Etisalat Nigeria (9mobile 2017 debt crisis)
Etisalat Nigeria (now 9mobile), a telecommunications company, faced a significant controversy in 2017 when it defaulted on a $1.2 billion loan. The debt crisis began when Etisalat Nigeria failed to meet its loan repayment obligations in 2013. Etisalat secured a syndicated loan of $1.2 billion (N377.4 billion) from a group of 13 Nigerian banks. The consortium included Access Bank, Zenith Bank Plc, Guaranty Trust Bank Plc, amongst others.
Etisalat was unable to fulfill its agreed debt servicing obligations to the banks. As a result, the banks reported the situation to the Nigerian Communications Commission (NCC), the regulatory body for the telecoms sector, as well as the Central Bank of Nigeria (CBN), the financial sector regulator. The banks demanded either the recovery of the loan or the takeover of the company.

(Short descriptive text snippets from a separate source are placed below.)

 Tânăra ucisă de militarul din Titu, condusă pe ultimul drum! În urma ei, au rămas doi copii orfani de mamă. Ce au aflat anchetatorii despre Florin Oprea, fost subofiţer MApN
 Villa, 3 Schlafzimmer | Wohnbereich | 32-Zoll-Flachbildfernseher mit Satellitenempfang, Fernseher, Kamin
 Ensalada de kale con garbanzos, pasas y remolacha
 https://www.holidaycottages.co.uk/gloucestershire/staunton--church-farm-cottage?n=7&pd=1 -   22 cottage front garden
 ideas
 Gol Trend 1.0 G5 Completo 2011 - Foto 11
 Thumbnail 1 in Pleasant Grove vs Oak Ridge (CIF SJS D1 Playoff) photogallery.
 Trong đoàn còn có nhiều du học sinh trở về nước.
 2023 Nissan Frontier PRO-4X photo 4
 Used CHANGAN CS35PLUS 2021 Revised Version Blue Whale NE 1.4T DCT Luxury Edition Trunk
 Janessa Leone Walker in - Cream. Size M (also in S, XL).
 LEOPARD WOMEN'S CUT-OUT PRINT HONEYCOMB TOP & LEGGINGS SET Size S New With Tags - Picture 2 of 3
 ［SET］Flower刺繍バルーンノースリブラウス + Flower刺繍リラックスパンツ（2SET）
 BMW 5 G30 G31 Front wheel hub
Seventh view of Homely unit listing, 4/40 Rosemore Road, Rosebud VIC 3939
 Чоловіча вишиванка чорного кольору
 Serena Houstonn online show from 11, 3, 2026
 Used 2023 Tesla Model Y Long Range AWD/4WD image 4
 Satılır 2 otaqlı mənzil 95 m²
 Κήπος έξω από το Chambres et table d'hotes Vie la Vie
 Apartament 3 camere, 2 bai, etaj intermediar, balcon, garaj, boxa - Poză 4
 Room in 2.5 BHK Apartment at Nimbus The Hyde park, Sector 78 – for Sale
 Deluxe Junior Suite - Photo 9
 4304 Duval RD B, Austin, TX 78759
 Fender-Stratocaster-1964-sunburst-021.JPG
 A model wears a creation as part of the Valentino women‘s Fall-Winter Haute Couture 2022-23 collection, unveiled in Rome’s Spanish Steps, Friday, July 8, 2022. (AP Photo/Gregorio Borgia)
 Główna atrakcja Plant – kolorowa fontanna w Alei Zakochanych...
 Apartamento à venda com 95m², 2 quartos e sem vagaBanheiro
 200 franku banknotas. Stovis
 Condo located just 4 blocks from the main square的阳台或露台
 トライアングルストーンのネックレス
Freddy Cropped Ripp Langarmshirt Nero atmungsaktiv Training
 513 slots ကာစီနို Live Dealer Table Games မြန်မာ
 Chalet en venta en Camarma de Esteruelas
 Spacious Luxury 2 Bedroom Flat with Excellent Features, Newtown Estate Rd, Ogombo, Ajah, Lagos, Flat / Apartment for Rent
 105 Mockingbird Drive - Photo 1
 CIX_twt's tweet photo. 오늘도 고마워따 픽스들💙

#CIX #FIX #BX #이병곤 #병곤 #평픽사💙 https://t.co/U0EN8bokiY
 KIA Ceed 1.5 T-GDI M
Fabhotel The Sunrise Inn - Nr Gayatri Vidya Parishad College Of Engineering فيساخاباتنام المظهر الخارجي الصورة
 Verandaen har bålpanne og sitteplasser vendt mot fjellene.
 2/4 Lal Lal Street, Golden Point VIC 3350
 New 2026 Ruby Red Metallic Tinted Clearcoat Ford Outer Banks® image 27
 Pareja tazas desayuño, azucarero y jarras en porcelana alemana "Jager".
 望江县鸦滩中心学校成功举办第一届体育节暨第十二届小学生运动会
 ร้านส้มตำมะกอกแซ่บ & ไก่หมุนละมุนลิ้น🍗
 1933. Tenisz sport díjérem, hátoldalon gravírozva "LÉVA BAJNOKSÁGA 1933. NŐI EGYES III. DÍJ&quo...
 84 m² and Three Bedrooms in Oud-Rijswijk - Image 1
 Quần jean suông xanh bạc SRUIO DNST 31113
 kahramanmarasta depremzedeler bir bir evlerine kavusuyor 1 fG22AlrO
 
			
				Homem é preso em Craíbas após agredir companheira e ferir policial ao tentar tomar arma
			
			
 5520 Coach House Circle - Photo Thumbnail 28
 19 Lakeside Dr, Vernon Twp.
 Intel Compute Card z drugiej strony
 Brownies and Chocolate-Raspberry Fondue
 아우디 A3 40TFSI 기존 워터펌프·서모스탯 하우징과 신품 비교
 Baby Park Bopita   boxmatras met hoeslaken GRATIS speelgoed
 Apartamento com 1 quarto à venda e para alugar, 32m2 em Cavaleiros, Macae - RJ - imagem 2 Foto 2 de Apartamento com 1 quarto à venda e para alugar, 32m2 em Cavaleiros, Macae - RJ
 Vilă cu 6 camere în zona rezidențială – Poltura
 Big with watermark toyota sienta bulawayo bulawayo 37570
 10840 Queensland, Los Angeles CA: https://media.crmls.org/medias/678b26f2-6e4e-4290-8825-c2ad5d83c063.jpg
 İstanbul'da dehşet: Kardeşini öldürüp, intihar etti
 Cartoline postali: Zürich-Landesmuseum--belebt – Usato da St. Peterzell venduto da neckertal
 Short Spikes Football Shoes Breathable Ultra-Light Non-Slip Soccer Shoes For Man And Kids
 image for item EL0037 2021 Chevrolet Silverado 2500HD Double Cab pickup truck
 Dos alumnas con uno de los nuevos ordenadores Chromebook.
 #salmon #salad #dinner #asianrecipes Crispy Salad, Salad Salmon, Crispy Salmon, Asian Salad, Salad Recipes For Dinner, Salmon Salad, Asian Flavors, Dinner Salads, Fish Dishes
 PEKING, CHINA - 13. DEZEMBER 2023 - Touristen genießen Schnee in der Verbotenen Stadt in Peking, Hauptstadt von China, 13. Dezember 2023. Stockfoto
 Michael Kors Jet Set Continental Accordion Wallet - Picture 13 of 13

In response to the crisis, the Nigerian Communications Commission (NCC) and the CBN intervened to find a solution that would protect the interests of all stakeholders involved. The NCC and CBN facilitated discussions between Etisalat Nigeria, the banks, and other key stakeholders to resolve the debt crisis. Ultimately, a new board of directors was appointed to oversee the affairs of the company, and an interim management team was put in place. The company rebranded itself as 9mobile in 2017, marking a fresh start after the crisis.